**Supplied data:**
***

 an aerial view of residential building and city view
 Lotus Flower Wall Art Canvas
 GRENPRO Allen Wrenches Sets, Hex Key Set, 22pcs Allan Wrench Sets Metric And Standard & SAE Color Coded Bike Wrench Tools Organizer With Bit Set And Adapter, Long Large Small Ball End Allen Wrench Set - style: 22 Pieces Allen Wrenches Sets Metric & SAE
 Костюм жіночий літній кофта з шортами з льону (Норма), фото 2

***

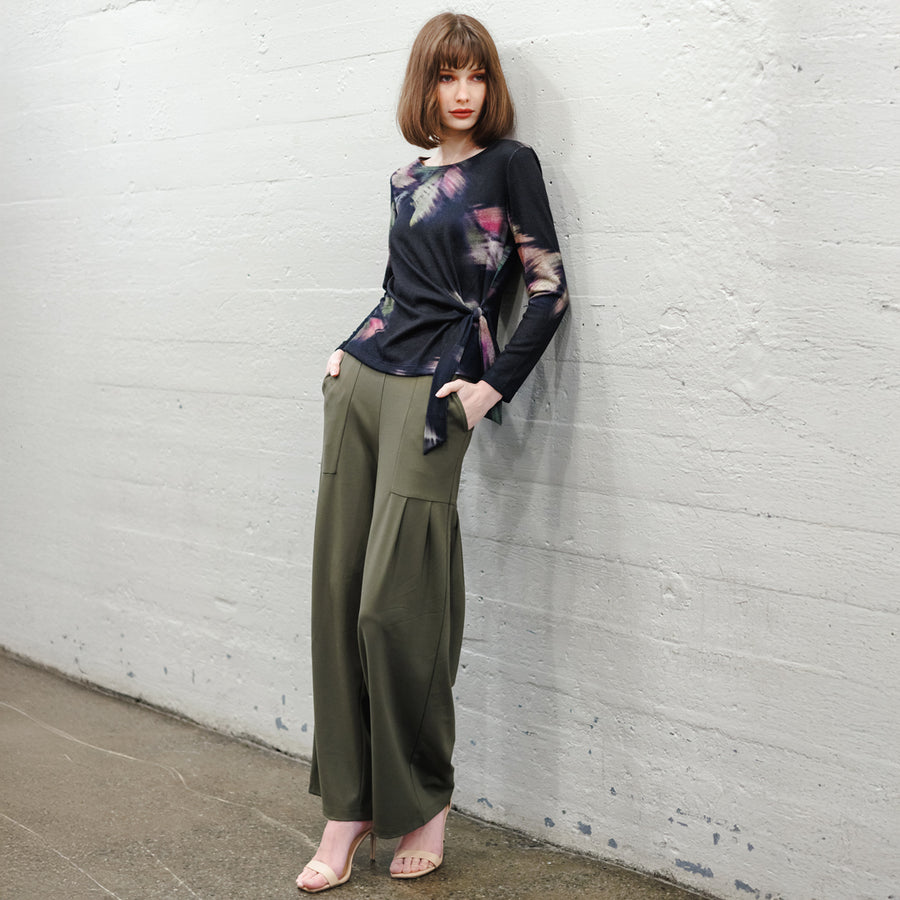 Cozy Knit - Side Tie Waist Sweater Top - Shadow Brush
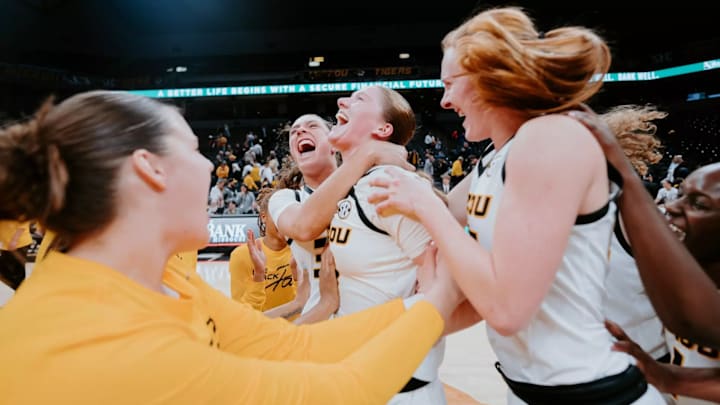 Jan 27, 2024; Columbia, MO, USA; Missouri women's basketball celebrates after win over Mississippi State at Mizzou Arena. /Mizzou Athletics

***

**Problem requirements:**
Set down, exactly as they stand above, the lines starting with the line with "an aerial view" and going on through the line with "Костюм жіночий літній", and no others.

**Response box:**
 an aerial view of residential building and city view
 Lotus Flower Wall Art Canvas
 GRENPRO Allen Wrenches Sets, Hex Key Set, 22pcs Allan Wrench Sets Metric And Standard & SAE Color Coded Bike Wrench Tools Organizer With Bit Set And Adapter, Long Large Small Ball End Allen Wrench Set - style: 22 Pieces Allen Wrenches Sets Metric & SAE
 Костюм жіночий літній кофта з шортами з льону (Норма), фото 2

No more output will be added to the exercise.